Building a primitive bow and arrow set can be a good way to hunt game or even spear fish. This again requires some cordage. I plan to talk about this in depth in another article.
Finding rescue can be considered a skillset in itself, that is if you want to be found. There are various techniques that can aid your chances of finding rescue. Again, know your area some techniques work better depending on the conditions you find yourself in.
Signal fires. Building a large or a series of signal fires can up you chances of being found greatly. Find a nice open area where the smoke could be very visible for miles. If you build a signal fire in a dense forest chances are no one with see it. In your open area build your regular fire base. Stack lots of green leafy foliage next to where your fire will be. Once you have started the fire you can pile on the foliage which will create dense pluming smoke that will be more visible to would be rescuers.
In a time of self-rescue where one must hike out you may happen across a river. Lots of towns, villages, and settlements are build along such waterways. Once you hit the river follow it down stream until you find civilization.
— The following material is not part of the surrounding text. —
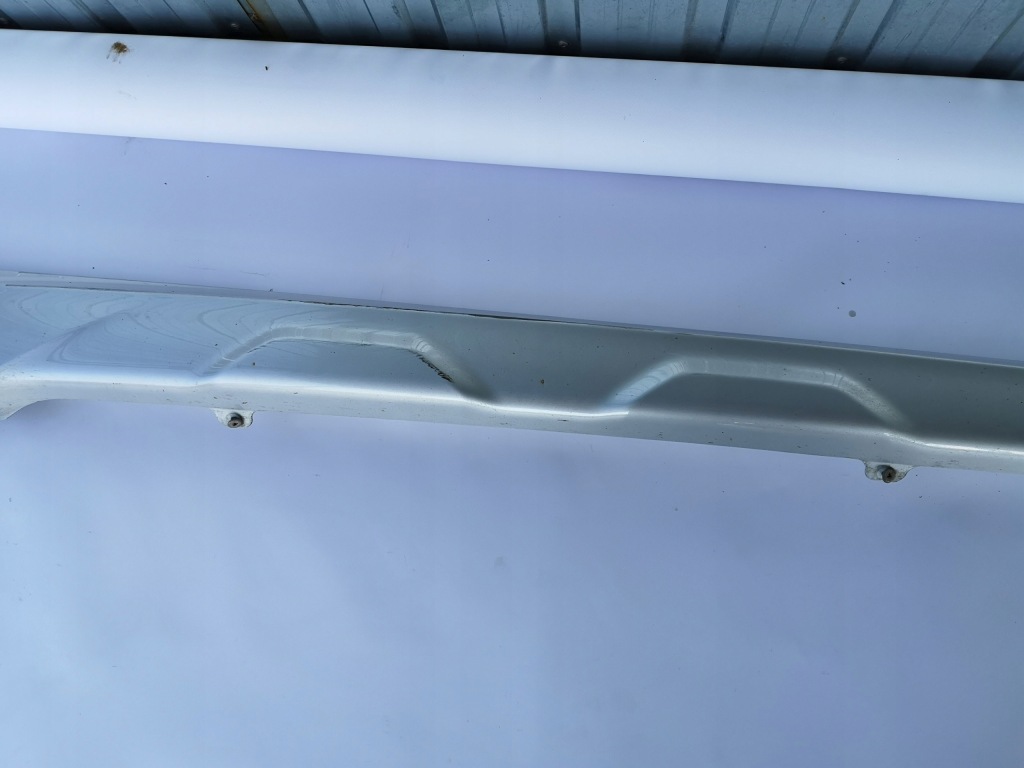 Volvo xc40 - молдинг поріг права Доставка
Finding or having a mirror for very reflective object can be useful. Use a signal mirror in an open area to signal planes over head or people at far distances.
Yelling, calling out, and making a lot of noise. Sound travels much farther and much faster than you can on your two feet so use this to your advantage.
In conclusion, having a strong skill set and a positive attitude can be what keeps you alive in a dire situation. These skills should be used in an order of prioritization based off from your individual needs at the time. For example if its 105+ degrees and you’ve been walking without water all day your first step is probably going to want to be getting water to rehydrate your body. Or if you have just got separated from your group and you know you are close call out and seek rescue immediately. My best advice for setting a priority list is stop. Calm the panic. Asses what you have with you and your immediate needs. Only then will you be able to make an educated decision on what actions need to be taken first. So go out adventure, build a fire, camp, hunt, fish, get your hand dirty and start building your skill set. Go out, Be safe, Be prepared.